__Data for review__
===============
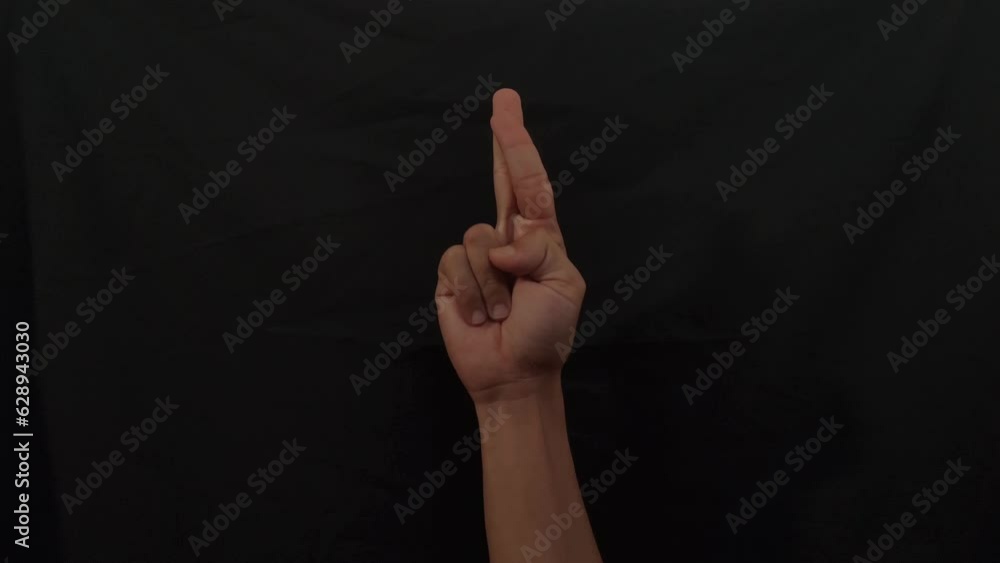 American sign language (ASL).A man's hand doing onehanded sign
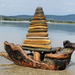Land art-driftwood and stones sailboat in Hungary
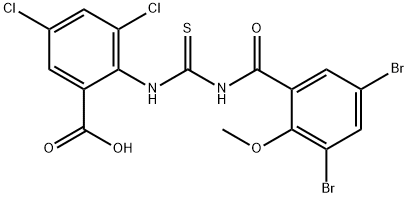 3,5-DICHLORO-2-[[[(3,5-DIBROMO-2-METHOXYBENZOYL)AMINO]THIOXOMETHYL]AMINO]-BENZOIC ACID 结构式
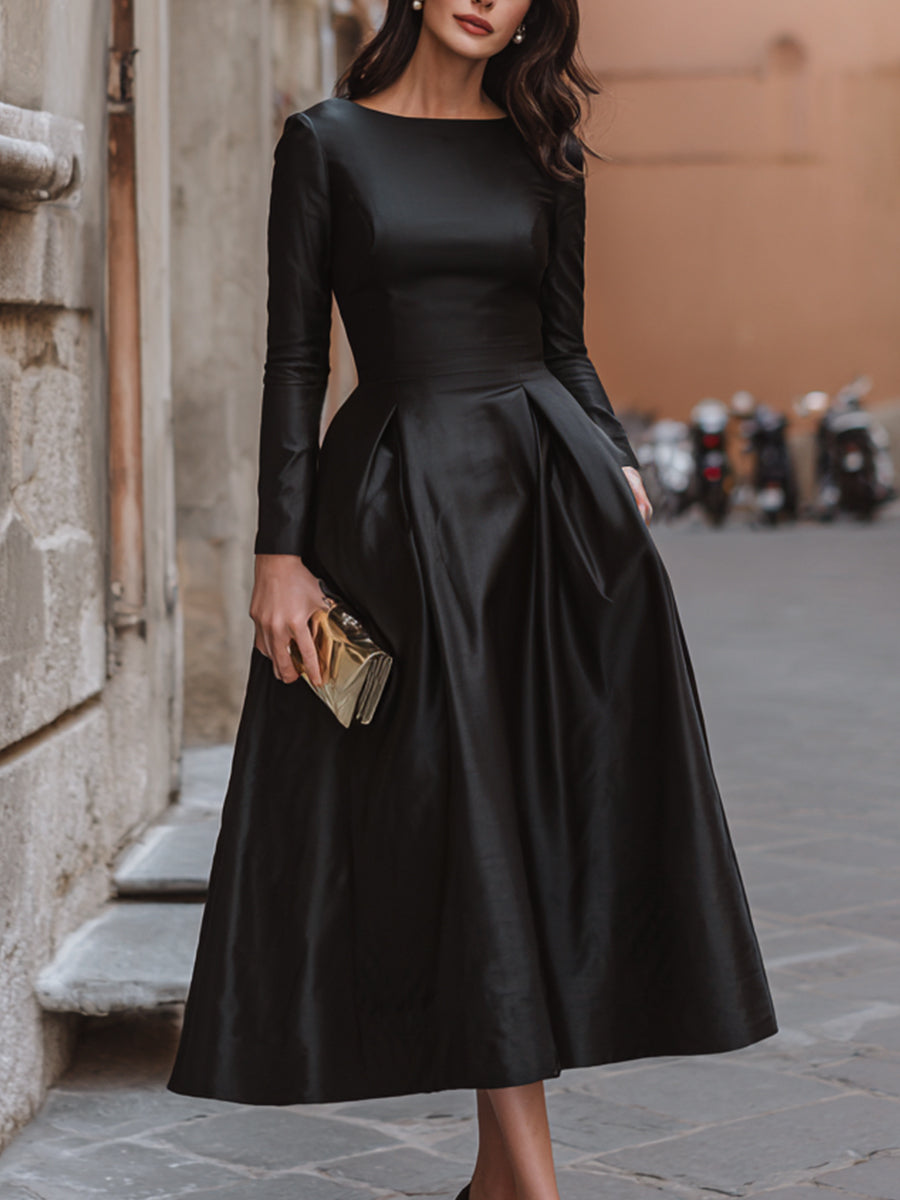 Elegant Long Sleeve Boat Neck A-Line Maxi Dress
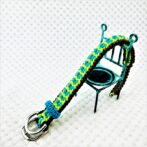 [公式]パラコードマクラメ編み＃151トルコブルー・グリーン・ダークグリーン・茶の小型犬・猫用首輪No181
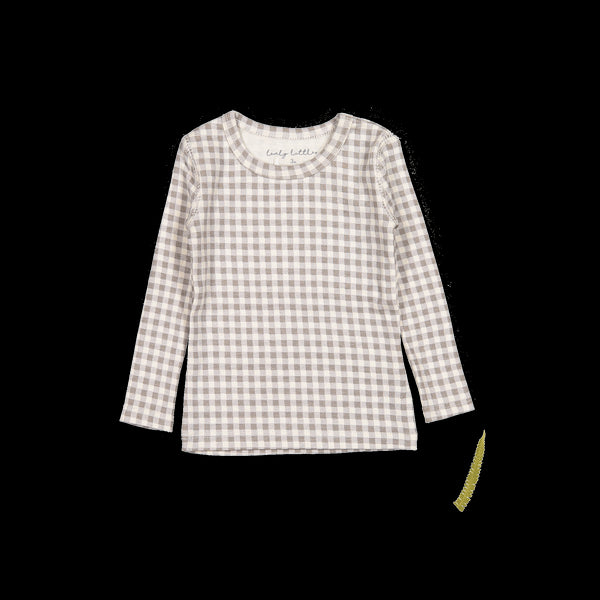 the-printed-long-sleeve-tee-taupe-gingham Lovely Littles - Sophia's StyleLong Sleeve Tee-1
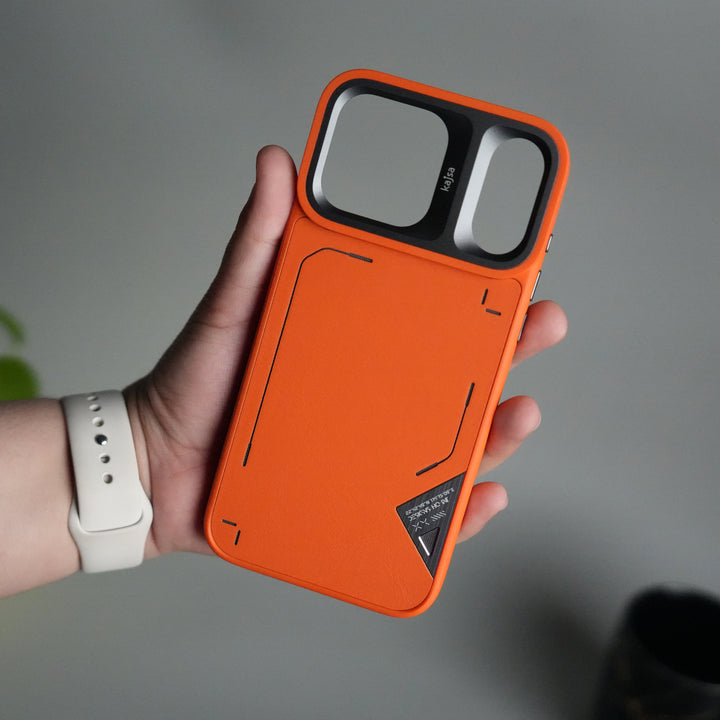 iPhone 17 Pro Max Matrix Leather Pattern Case | Premium Luxury Back Cover with Metal Camera Frame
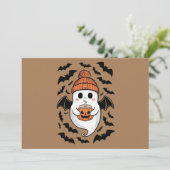 Halloween Niedlich Ghost Fall Spooky Saisongeschen Einladung (Stehend Vorderseite)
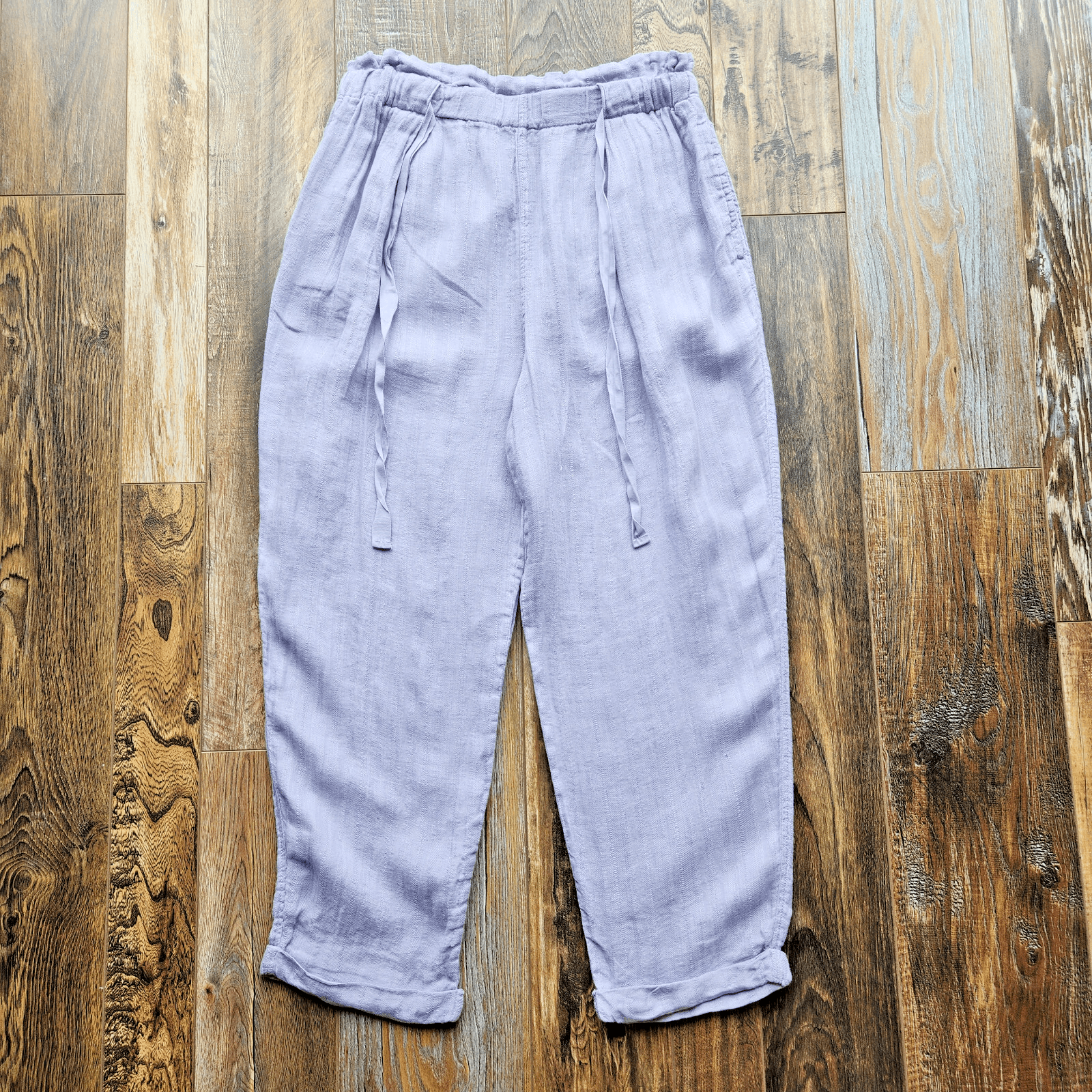 Free People Only Over You 100% Linen Paper-Bag Pants Elastic Waist Lavender Sz.M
===============
__Directions__
In the listing above, find the line with "Land art-driftwood and" and the line with "[公式]パラコードマクラメ編". Copy both of them and every line between, exactly, but not the pictures.

__Result of this exercise__
Land art-driftwood and stones sailboat in Hungary
 3,5-DICHLORO-2-[[[(3,5-DIBROMO-2-METHOXYBENZOYL)AMINO]THIOXOMETHYL]AMINO]-BENZOIC ACID 结构式
 Elegant Long Sleeve Boat Neck A-Line Maxi Dress
 [公式]パラコードマクラメ編み＃151トルコブルー・グリーン・ダークグリーン・茶の小型犬・猫用首輪No181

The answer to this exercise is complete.